In many (most) QJSA/QPSA plans that have this provision, people do not elect the survivor benefit form of distribuiton prior to the death of the participant. Thus while the QPSA maybe the default, the spouse can change it if the approrpriate language is used in the Plan. Where I sometimes see conceptual problems is where a form of benefit is actually chosen before death and the spouse signs a piece of paper saying that his or her consent to the form of benefit is "irrevocable". Then, it seems a little bit contradictory to say that someone can change an irrevocable election.
beppie_stark
The plan does permit a lump-sum as an optional spousal benefit. However, the plan administrator has always required that a spousal beneficiary receive an annuity unless the spouse waives the annuity and the participant selects another form of benefit during the participant's lifetime.

Are you saying other plans with QJSA/QPSA requirements permit a waiver after the death of the participant?

Our employees all believe in their own immortality and think that taking a form home and having their spouse add a notarized signature to a waiver is more hassle than it's worth.
KJohnson
I know there have been plans approved with this language. The ERISA Outline book which is quoted on these Boards frequently also takes the position that the regulation quoted above can allow a spouse's election out of the QPSA after death (assuming the plan contains thiese provisions). Other commentators are a little less sure, yo might want to take a look a this link:

http://benefitslink.com/modperl/qa.cgi?db=...ibutions&id=260

A disclaimer may work as well. See GCM 39858
QDROphile
Let's put it in more dramatic terms. It is either stupid or arrogant to design or administer a plan to have the participant choose the form of death benefit except in connection with the benefit that is payble to the participant.

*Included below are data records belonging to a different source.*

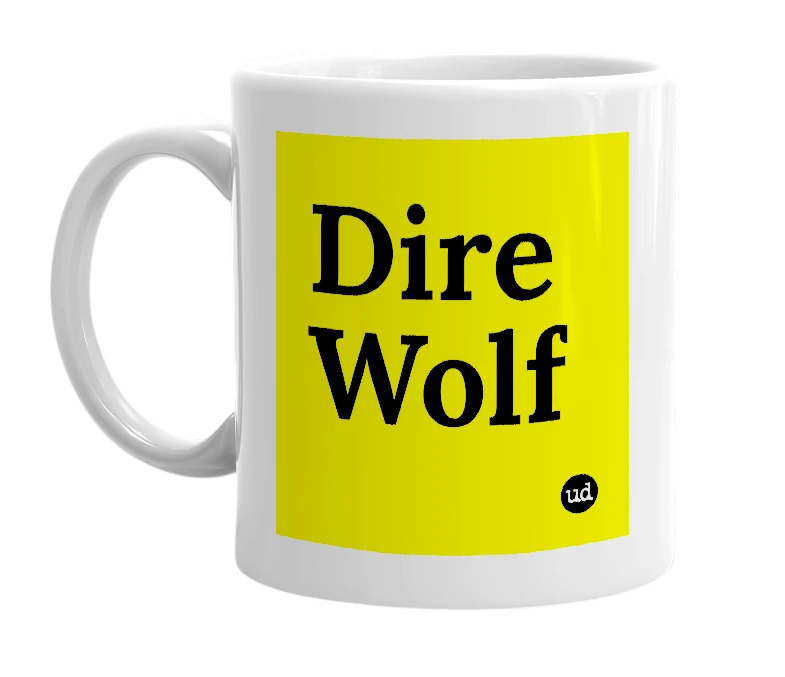 White mug with 'Dire Wolf' in bold black letters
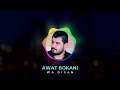 Awat Bokani WA DISAN وا دیسان 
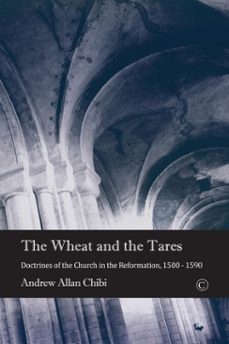 the wheat and the tares (ebook)-andrew allan chibi-9780227906170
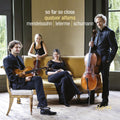 Quatuor Alfama: So Far So Close - COMPACT DISCS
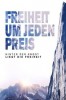 Freiheit um jeden Preis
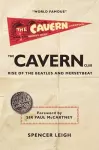 Cavern Club: The Rise of The Beatles and Merseybeat cover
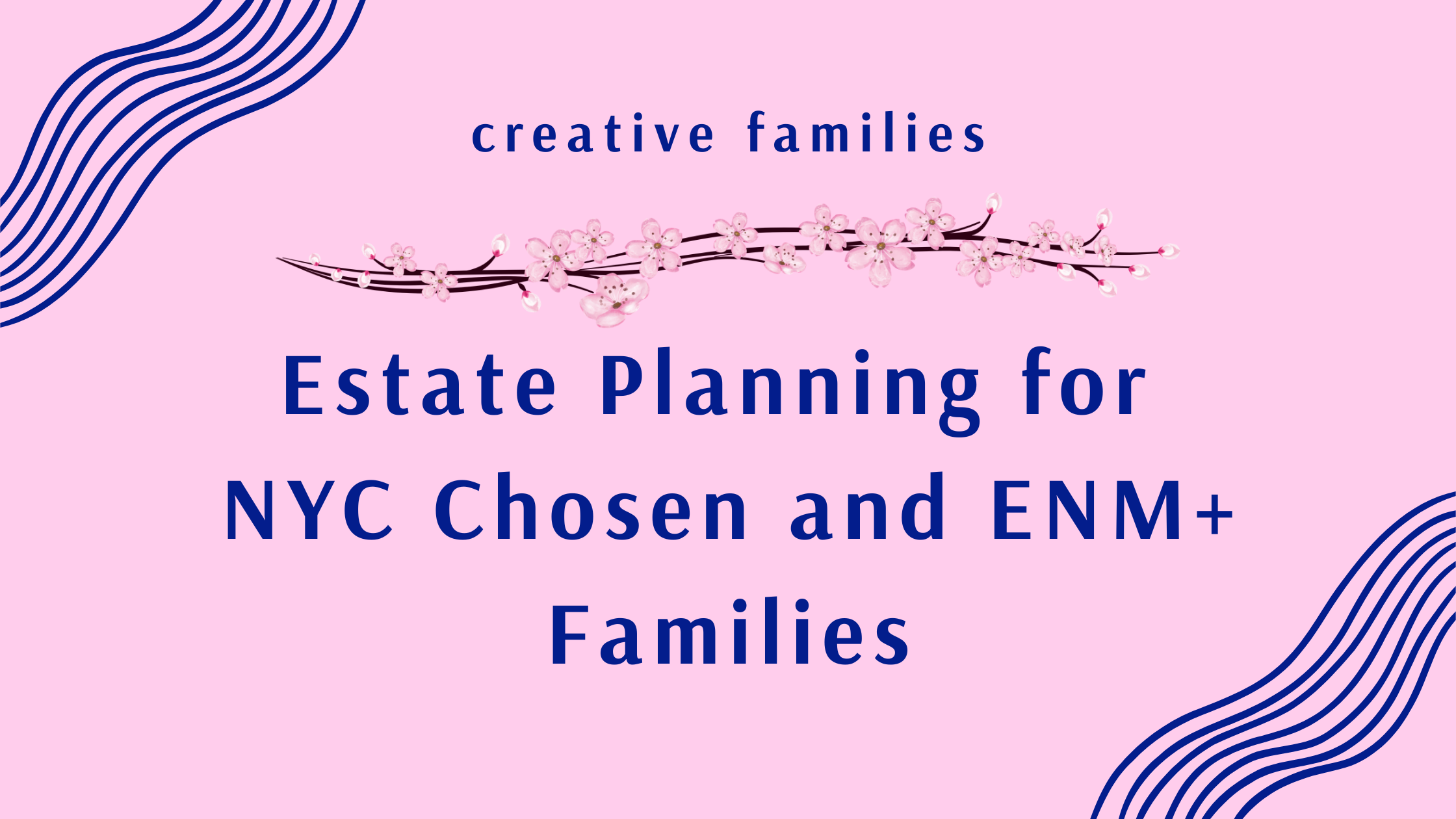 Estate Planning for New York Chosen and ENM+ Families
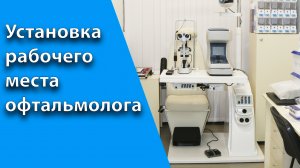 Установка и подключение рабочего места офтальмолога.mp4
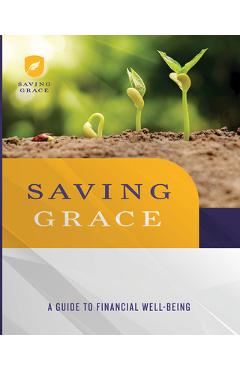 Coperta cărții 'Saving Grace Participant Workbook: A Guide to Financial Well-Being - Abingdon'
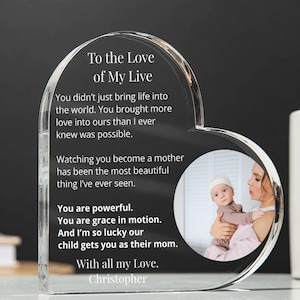 Personalized Acrylic Heart Plaque, Custom Photo Gift for Wife, New Mom Keepsake, Mother’s Day gift, Sentimental Love Message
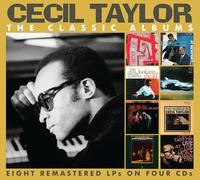 Cecil Taylor : The Classic Albums: Eight Remastered LPs On Four CDs CD Box Set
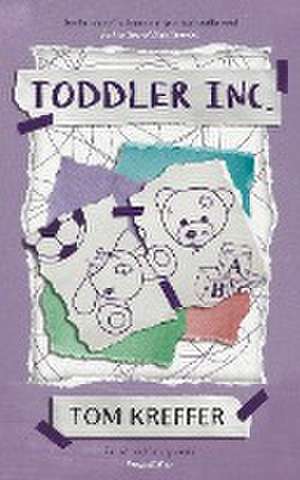 Toddler Inc. de Tom Kreffer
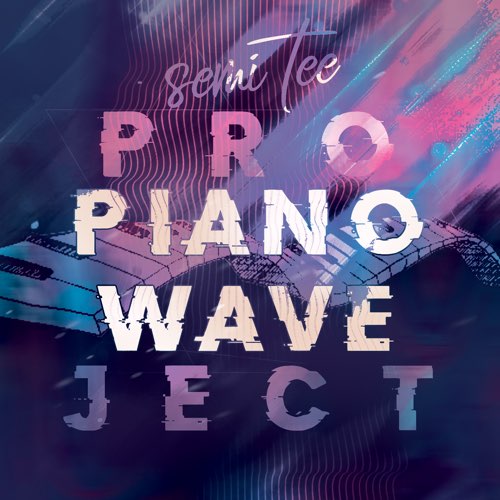 Album: Semi Tee - Piano Wave Project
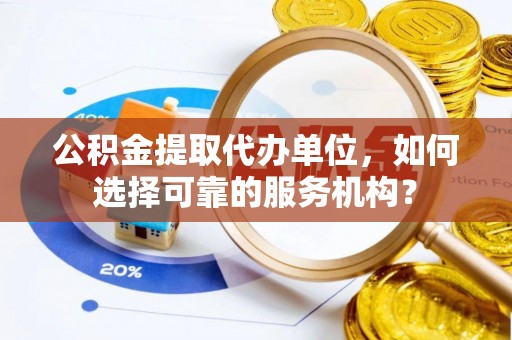 谢岗公积金提取代办单位，如何选择可靠的服务机构？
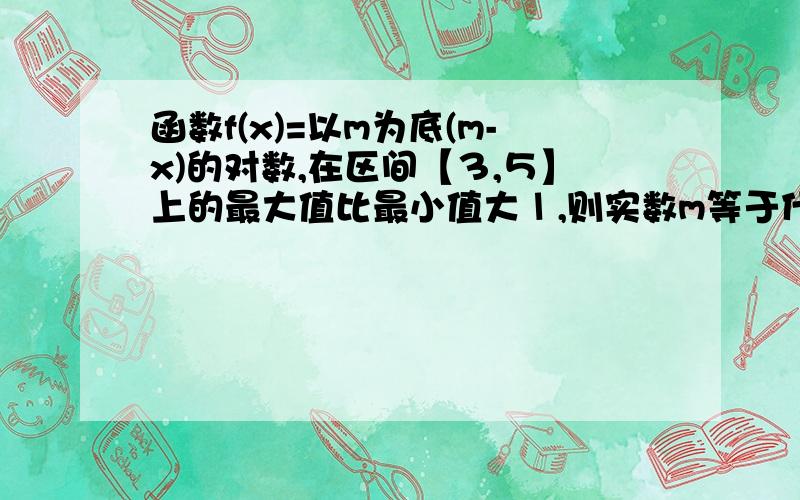 函数f(x)=以m为底(m-x)的对数,在区间【３,５】上的最大值比最小值大１,则实数m等于什么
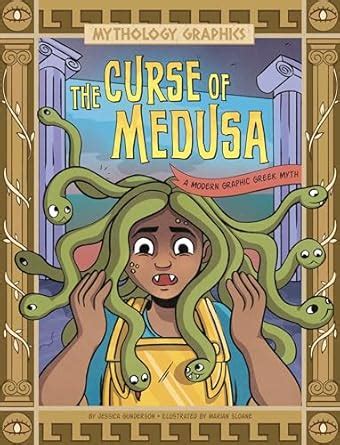 The Curse of Medusa: A Modern Graphic Greek Myth (Mythology Graphics ...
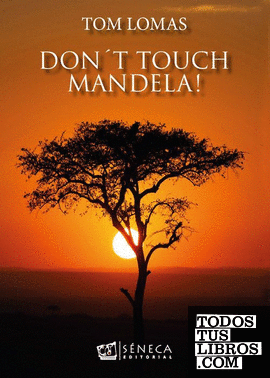 Don't Touch Mandela!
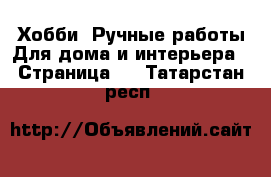 Хобби. Ручные работы Для дома и интерьера - Страница 2 . Татарстан респ.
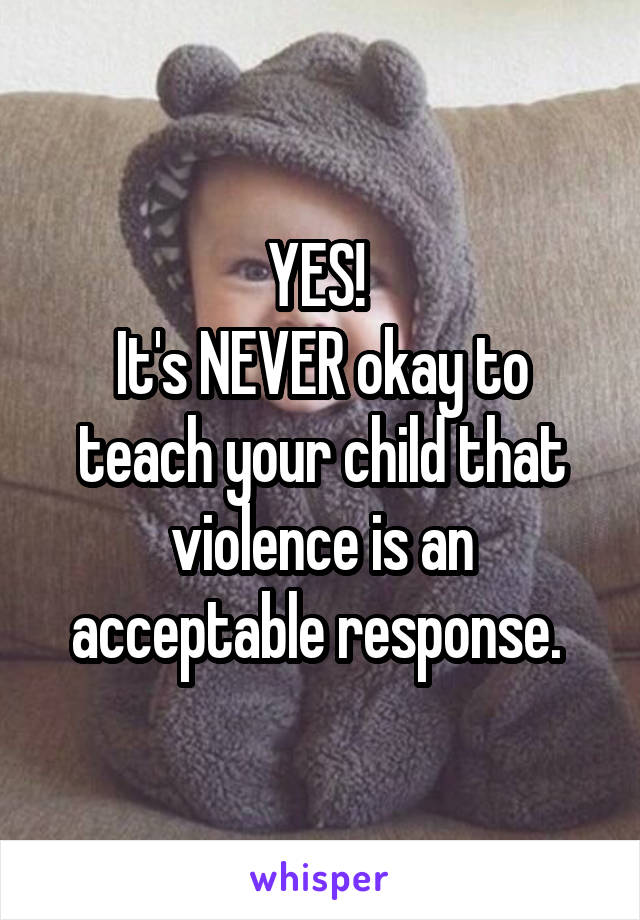 YES! 
It's NEVER okay to teach your child that violence is an acceptable response. 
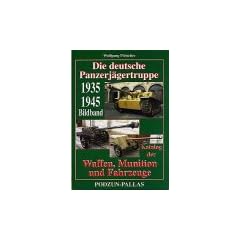Die Deutsche Panzerjägertruppe. Katalog der Waffen, Munition und Fahrzeuge.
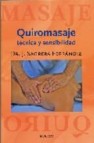 Quiromasaje: tecnica y sensibilidad (4âª ed)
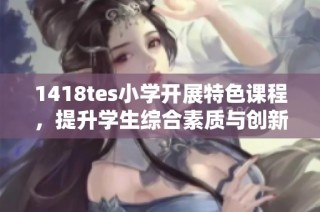 1418tes小学开展特色课程，提升学生综合素质与创新能力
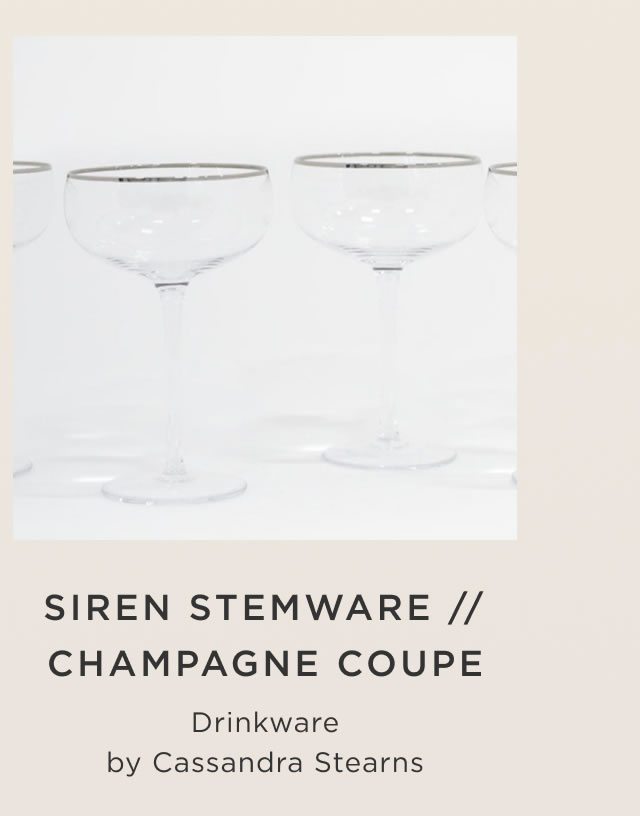 Siren Stemware // Champagne Coupe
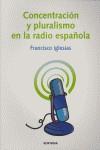 CONCENTRACIÓN Y PLURALISMO EN LA RADIO ESPAÑOLA | 9788431323059 | IGLESIAS, FRANCISCO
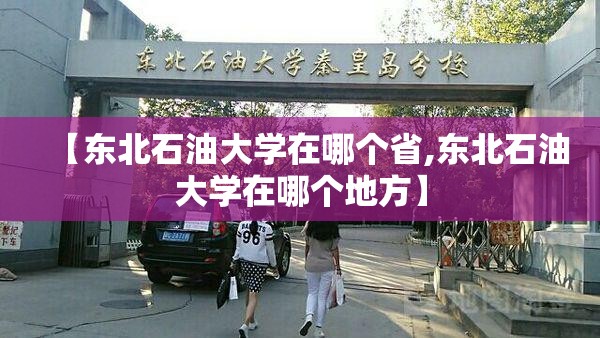 【东北石油大学在哪个省,东北石油大学在哪个地方】 【东北石油大学在哪个省,东北石油大学在哪个地方】
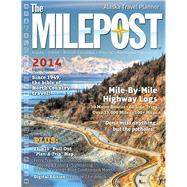The Milepost 2014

I suspect the administrator is misinterpreting the plan.
mbozek
There is nothing to prevent a plan from being amended to allow the spouse to elect a lump sum instead of the J & S annuity after the death of the ee since the spouse is the only party in interest after the death of the employee. see Reg. 1.401(a)-11©(5). The J & S is only required to be the normal form of benefit, not the only form of benefit for the spouse. This election is a lot simplier than having the spouse execute a disclaimer. ( See IRC 2518 for requirements)
Grabitquick
Just today I drafted an amendment to a money purchase plan that would allow a surviving spouse to opt out of a QPSA and elect another form (including lump-sum), pursuant to the reg that mbozek cited. We have several other plans in our office that are subject to the J&S rules with a similar provision. This seems a much easier solution to the problem, rather than require an election by the participant and spouse prior to the participant's death, or a disclaimer by the spouse afterwards. To echo QDROphile, however, I have heard the question raised about still allowing the participant to trump everything by affirmatively electing prior to death that only the QPSA can be paid, ostensibly to prevent the surviving spouse from squandering the lump-sum with (for example) a new significant other after the participant's death. I would not encourage such a provision since it seems awfully intrusive, but I wonder if anyone else has heard of this?